English speaker to the rescue: wenig Licht = dim light.

John Medway
John Medway

“Maria is making an internship in the emergency room.” – ich sagte “doing an internship”, nicht “making an internship”. Fraglos habe ich viel über “machen” und “tun” zu lernen.


Low light, of you’re talking about taking pictures :)


Vielleicht erinnere ich mich das Falsch aber hat Aufnahme nicht eine Bedeutung wie “exception” und wenn so, ist diese wort mit die andere Beispiele verwandt? Danke : )


Du denkst bestimmt an “Ausnahme”. :)


Oh das habe ich! Danke : )


As with everything there are seemingly billions of ways to say something, but “in low lighting” sounds most natural to me in a photographic context. Great lesson and good discussions too!


Das Chaos heute beim Meeting war nur eine Momentaufnahme. Eigentlich sind wir gut organisiert.

The chaos at the meeting today was just a SNAPSHOT/ IMPRESSION OF THE MOMENT. We’re actually pretty organized.

There’s an english word, ‘Glimpse’, that’s perfect for this meaning.


es aufnehmen mit

No English word, but the phrase “is a match for” or “is no match for” is essentially the same thing.

Maria is a match for any man.
Your soup is good, but it is no match for mine.
Even though my dog is small, it is a match for bears.
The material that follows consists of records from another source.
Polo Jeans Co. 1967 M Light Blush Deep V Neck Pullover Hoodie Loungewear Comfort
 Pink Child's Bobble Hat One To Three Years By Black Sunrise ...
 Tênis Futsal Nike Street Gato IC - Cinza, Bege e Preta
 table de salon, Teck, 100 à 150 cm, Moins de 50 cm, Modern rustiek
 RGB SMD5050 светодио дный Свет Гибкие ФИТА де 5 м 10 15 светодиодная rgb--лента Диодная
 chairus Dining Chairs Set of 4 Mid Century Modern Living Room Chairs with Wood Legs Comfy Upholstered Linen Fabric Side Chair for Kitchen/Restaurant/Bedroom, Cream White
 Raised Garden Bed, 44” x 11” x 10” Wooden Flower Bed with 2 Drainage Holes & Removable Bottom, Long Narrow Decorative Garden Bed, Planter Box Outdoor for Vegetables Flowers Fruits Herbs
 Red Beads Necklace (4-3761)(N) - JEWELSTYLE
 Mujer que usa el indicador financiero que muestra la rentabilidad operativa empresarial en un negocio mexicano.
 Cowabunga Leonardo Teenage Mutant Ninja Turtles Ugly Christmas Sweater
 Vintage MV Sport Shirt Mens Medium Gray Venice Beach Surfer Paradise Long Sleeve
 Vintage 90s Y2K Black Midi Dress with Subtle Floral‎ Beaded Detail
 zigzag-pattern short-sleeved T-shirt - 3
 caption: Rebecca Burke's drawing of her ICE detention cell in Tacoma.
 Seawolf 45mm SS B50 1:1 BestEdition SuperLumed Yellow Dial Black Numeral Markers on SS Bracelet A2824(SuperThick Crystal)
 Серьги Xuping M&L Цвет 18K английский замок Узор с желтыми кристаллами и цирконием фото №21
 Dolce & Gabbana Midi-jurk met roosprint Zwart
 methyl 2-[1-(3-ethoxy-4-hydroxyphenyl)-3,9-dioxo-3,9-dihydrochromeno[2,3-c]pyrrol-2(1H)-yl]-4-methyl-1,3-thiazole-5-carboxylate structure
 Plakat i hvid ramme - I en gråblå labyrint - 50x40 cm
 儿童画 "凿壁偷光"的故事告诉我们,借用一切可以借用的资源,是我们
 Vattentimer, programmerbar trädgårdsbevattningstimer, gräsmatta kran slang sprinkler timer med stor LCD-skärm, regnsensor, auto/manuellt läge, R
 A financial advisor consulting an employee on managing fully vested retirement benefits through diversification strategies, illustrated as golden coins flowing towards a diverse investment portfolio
I think the logic is that the two things match each other, as in a pair.

Personally, I play a lot of video games (Street Fighter!), so when I hear this phrase, I think of something that demands my full effort. Two things are so similar that the outcome is uncertain for both sides, and the only way to find a winner is through competition. In that sense, “you’re no match for me” sounds like “one of us has much more skill than the other. One of us will be bored, the other will think it’s unfair,” and “you are a match for me” sounds like “our skills are equal enough that we will both feel we were tested.”


I think “is a match for” works well with the Maria-vodka and soup examples, but it doesn’t seem quite active enough for the dog one.

There’s really not an idiom that fits exactly with all of these. “Hold one’s own against” is pretty good:

– Maria can hold her own against any man.
– Your soup can’t hold its own against mine.
– My dog can hold its own against bears.

“Take on” is really fine for the sort of active, “challenging” meaning. “Take it up with” has a different meaning in English, though. I’m trying to think how to describe it – it’s mostly about presenting a complaint to somebody, and it tends to be used when you’re trying to deflect that process away from yourself.

– If you don’t like how I’m doing my job, you can take it up with my supervisor.
– I don’t know why your pay hasn’t been getting deposited on time – you’ll have to take that up with the payroll department.

Benjamin Geer

“Der Hipster nimmt sein Rennrad immer mit in die Wohnung rauf.” This sounds like a mixture of “mitnehmen” and “raufnehmen”. What’s the infinitive? “Raufmitnehmen”?

Dave M.
Dave M.

The difference between making an activity and doing an activity could be down to American versus British English. I have heard British kids make a test or exam, American kids take one…

Also, in the sentence Die Kamera macht sogar bei wenig Licht noch gute Aufnahmen. Is there a tone of “suprisingly” here? Like the speaker was not expecting it to work well but it does?


Hello, that’s my first post on your blog. I really like the explanation but what I’m missing is the difference between the word “annehmen” which is somewhat similar. Could you explain a bit more? Thanks!


I’ve read it and (also after your comment) it makes much more sense :)


Der Hund hat wieder auf den Boden gepinkelt. Wir brauchen mal einen Aufnehmer.


Hello, I just came across “entgegennehmen” which seems to be very similar to “aufnehmen”… at least according to Leo. Could you explain a bit the difference? thanks!


Super Post. Ist aber eher B, oder?

Alan Evangelista
Alan Evangelista

Very good post, as always. Thanks!

You mentioned that “aufnehmen” is not used in general as “pick up”. In Duden, the meaning 1a of “aufnehmen” is exactly that one, of physically picking up a object:

I suppose you meant “aufnehmen” is not the *most usual* translation of “pick up”. What would that be? aufheben?